There is at least one sign, however, that the Iranian reports may not be altogether inaccurate. Undersecretary of State for Political Affairs Wendy Sherman, the chief American negotiator for the talks with Iran, does not have any major meetings publicly scheduled for this week. Instead, she is slated to attend “meetings and briefings” at the State Department, according to her published calendar, a highly unusual scheduling choice for the third most important official at the State Department.
There is recent precedent for such scheduling to indicate a desire to keep a slot open in the eventuality of important travel. Two weeks ago, Secretary of State John Kerry had a similar schedule for the days in which he was reported to have planned to travel to Israel, and then flew instead to Geneva to finalize the interim deal with Iran.
During a press briefing on Monday, Psaki confirmed that someone on Sherman’s “level” — but not necessarily Sherman — will attend a trilateral meeting on December 20 as part of the international talks on the Syrian civil war. But the State Department has been reluctant to offer details about the additional negotiations to scale down Iran’s nuclear program.
Discussing US-Iran relations, Psaki said that “broadly speaking, obviously we took a significant step forward with the first-step agreement on their nuclear program, but there are remaining concerns that we have, as you all are familiar with, whether it’s their involvement in support of the regime in Syria or humanitarian issues, and so that has not changed that.”
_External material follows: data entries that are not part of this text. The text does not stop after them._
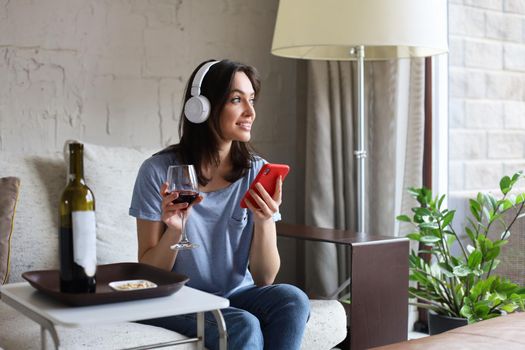 Pretty girl using her smartphone on couch at home in the living room. Listening music, drinking red wine, relaxation after a hard week at work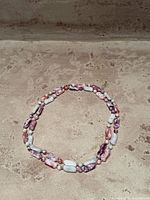 Image showing a vintage necklace made of polished stones in pink, lavender, and white colors laid out in a circular shape on a stone surface.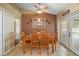 Cozy dining room with wood table, chairs, ceiling fan and door leading to an outdoor pool area at 2655 Sheila Dr, Apopka, FL 32712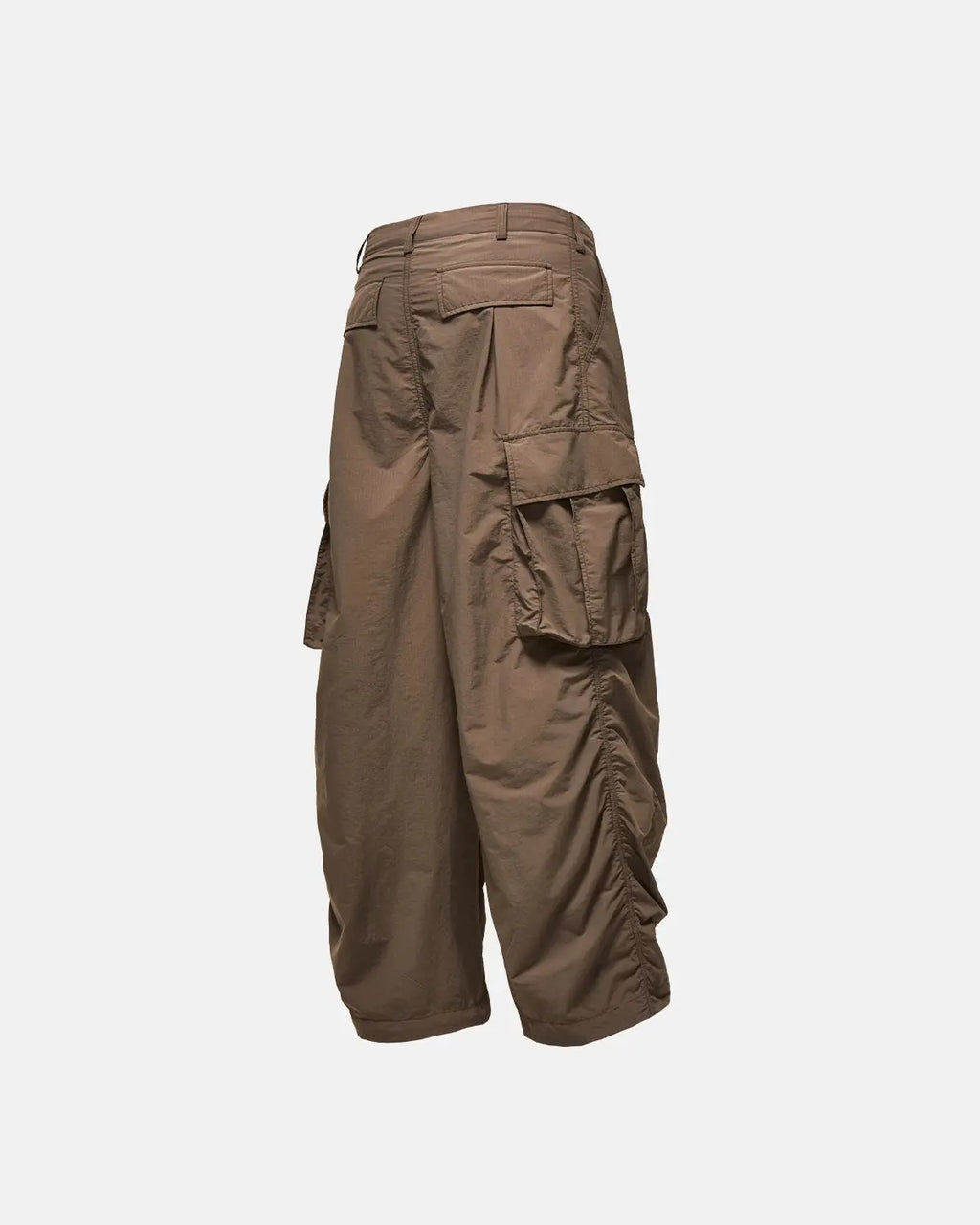 Black Flation parachute cargo pants with multiple pockets, streetwear style, made by Flation.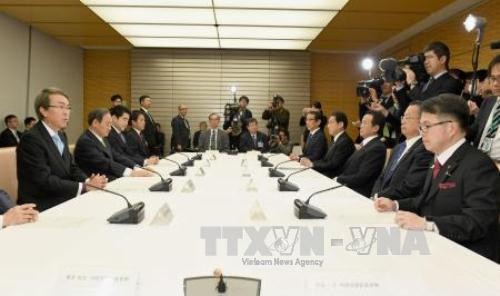 Japanese cabinet approves TPP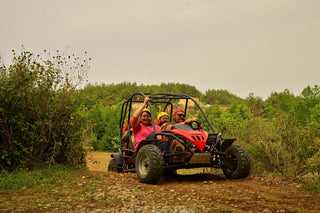 People driving Buggy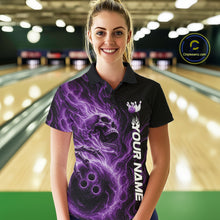 Load image into Gallery viewer, Female model wearing a black bowling polo shirt in a bowling alley featuring a skull clutching a bowling ball surrounded by swirling purple energy flames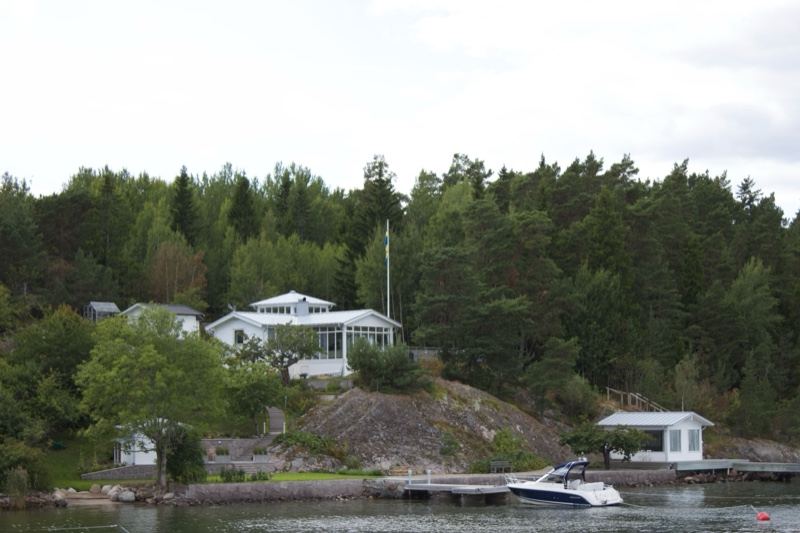 White House on Forested Lake Shore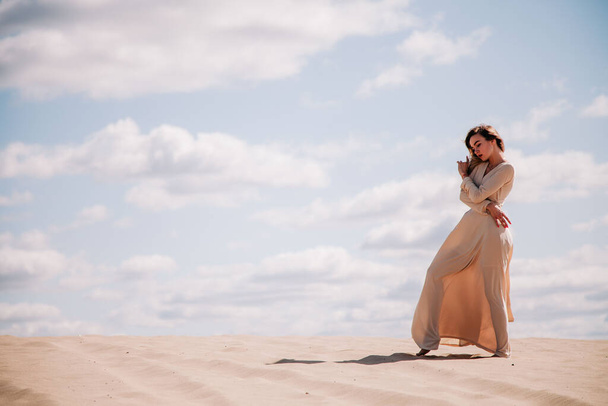 Young, slender girl in beige dress walks in the desert - Фото, зображення
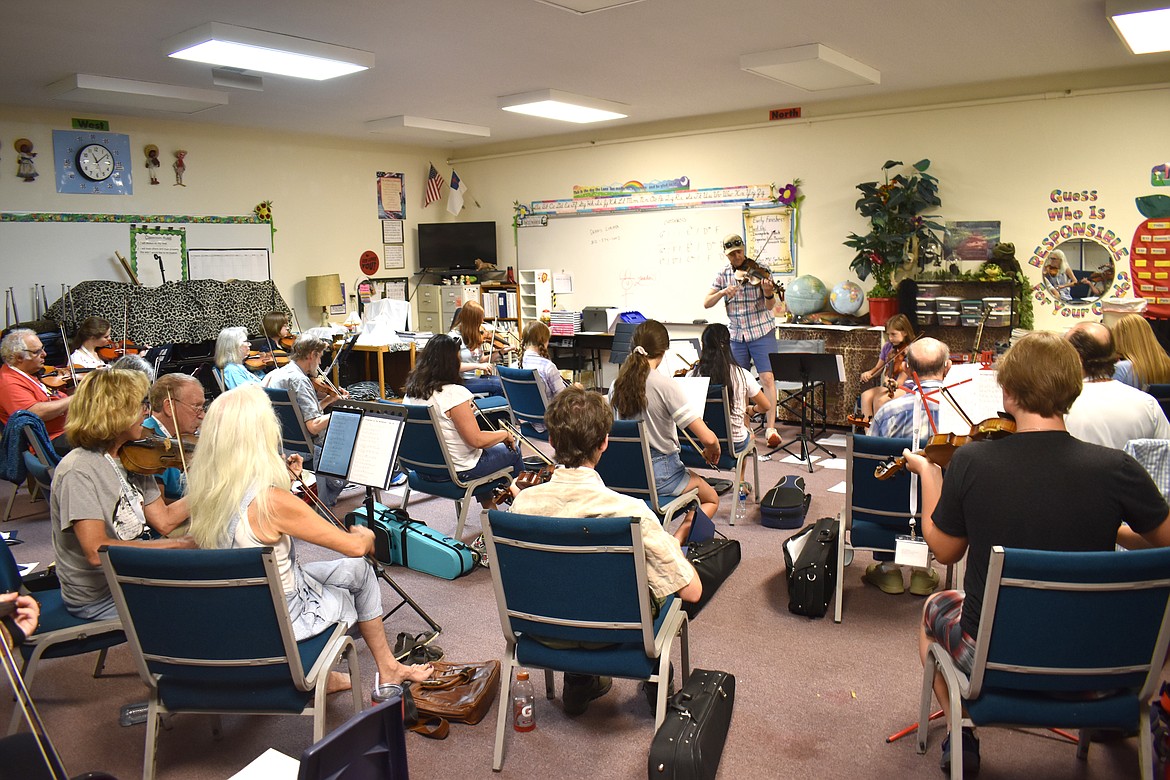 Dennis Ludiker leads the Hot Shots fiddle class at the Washington Old Time Fiddlers Fiddle Camp Tuesday. Ludiker, a Spokane native, is something of a hot shot himself, having won several fiddling championships and performed with the South Austin Jug Band and Asleep at the Wheel, according to his website.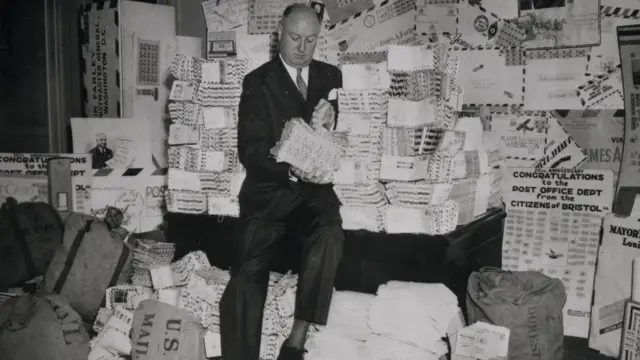 Postmaster General James Farley sentadoafiliado vaidebetuma pilhaafiliado vaidebetcartas (1938)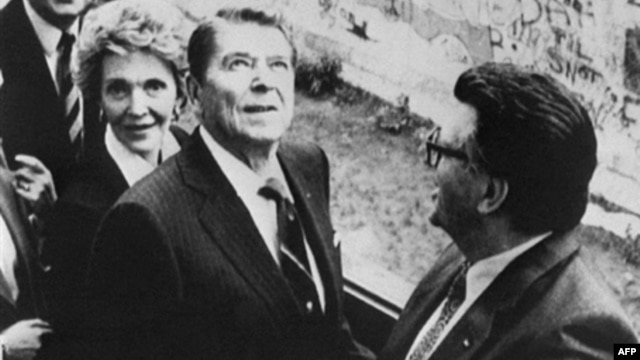 U.S. President Ronald Reagan tours the Berlin Wall before delivering his speech.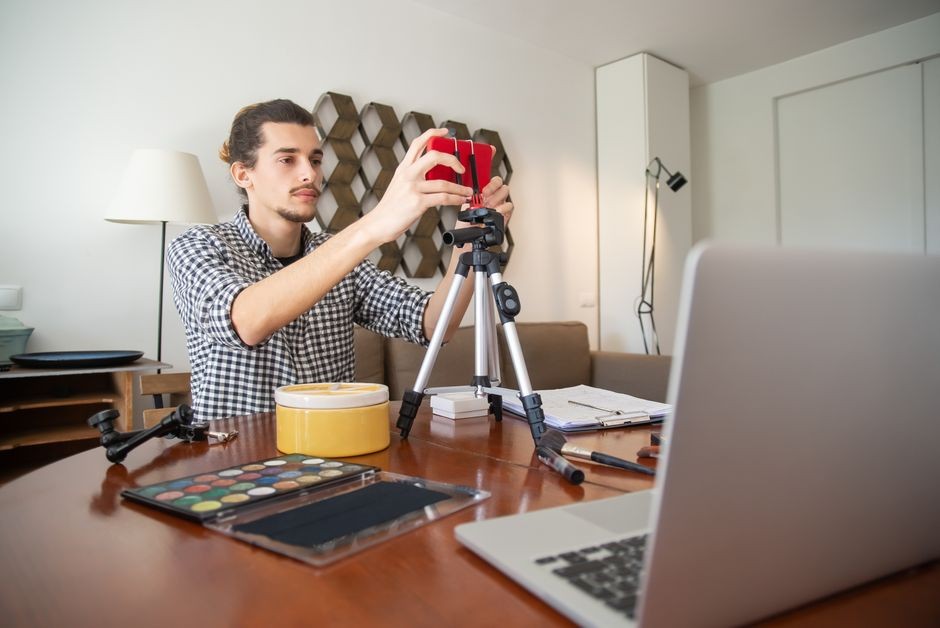 Ponsel dipasang pada tripod kecil di meja sebagai pengganti webcam laptop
The State Department spokesperson was quizzed by reporters during the briefing over statements made by her predecessor, Victoria Nuland. In February, Nuland was asked if it was true or false that “that intermittently, and outside of the formal P5+1 mechanisms, the Obama administration, or members of it, have conducted direct secret bilateral talks with Iran.”
At the time, Nuland denied that any such talks were underway outside of the P5+1 framework when in fact, it has since been revealed that intermittent bilateral talks between the US and Iran may date back to as early as 2011. The earliest date that the State Department has belatedly confirmed that secret talks were held with Iran in Oman was March 2013.
“I think there are times where diplomacy needs privacy in order to progress,” Psaki responded Monday to questions about Nuland’s denial. “This is a good example of that.”
Psaki would not confirm or deny that the secret talks had begun in 2011, instead responding that “we’ve long had ways to speak with the Iranians through a range of channels.”
The spokesperson was also pushed on statements made by Iranian Foreign Minister Mohammad Javad Zarif, in which he proclaimed the failure of sanctions by noting that when sanctions were initiated, Iran had 200 working centrifuges, whereas it now has over 19,000.
Psaki argued instead that “President Rouhani and others have talked about how… bringing an end to the sanctions is something that was a priority for them in order to help the economy and the Iranian people.”
In response to data indicating that around 70 percent of the Iranian centrifuges were installed during the first and second Obama administrations, Psaki responded that “we’re working towards a comprehensive agreement to bring an end to it.”